Collection entries

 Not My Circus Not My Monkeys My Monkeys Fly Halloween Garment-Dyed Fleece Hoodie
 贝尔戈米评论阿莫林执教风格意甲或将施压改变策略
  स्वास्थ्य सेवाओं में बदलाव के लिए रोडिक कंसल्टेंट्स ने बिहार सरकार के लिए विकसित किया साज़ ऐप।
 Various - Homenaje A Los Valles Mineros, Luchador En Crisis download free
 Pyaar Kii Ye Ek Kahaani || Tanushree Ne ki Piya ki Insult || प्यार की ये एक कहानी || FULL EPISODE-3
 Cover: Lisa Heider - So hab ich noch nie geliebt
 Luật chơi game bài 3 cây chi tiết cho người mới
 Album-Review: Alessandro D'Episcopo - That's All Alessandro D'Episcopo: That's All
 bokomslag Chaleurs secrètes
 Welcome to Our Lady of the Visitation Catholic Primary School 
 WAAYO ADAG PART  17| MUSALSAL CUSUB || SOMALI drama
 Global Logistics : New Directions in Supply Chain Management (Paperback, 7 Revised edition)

**Instructions for the task:** Copy each entry exactly, with nothing added or dropped.

**Response to the task:**
 Not My Circus Not My Monkeys My Monkeys Fly Halloween Garment-Dyed Fleece Hoodie
 贝尔戈米评论阿莫林执教风格意甲或将施压改变策略
  स्वास्थ्य सेवाओं में बदलाव के लिए रोडिक कंसल्टेंट्स ने बिहार सरकार के लिए विकसित किया साज़ ऐप।
 Various - Homenaje A Los Valles Mineros, Luchador En Crisis download free
 Pyaar Kii Ye Ek Kahaani || Tanushree Ne ki Piya ki Insult || प्यार की ये एक कहानी || FULL EPISODE-3
 Cover: Lisa Heider - So hab ich noch nie geliebt
 Luật chơi game bài 3 cây chi tiết cho người mới
 Album-Review: Alessandro D'Episcopo - That's All Alessandro D'Episcopo: That's All
 bokomslag Chaleurs secrètes
 Welcome to Our Lady of the Visitation Catholic Primary School 
 WAAYO ADAG PART  17| MUSALSAL CUSUB || SOMALI drama
 Global Logistics : New Directions in Supply Chain Management (Paperback, 7 Revised edition)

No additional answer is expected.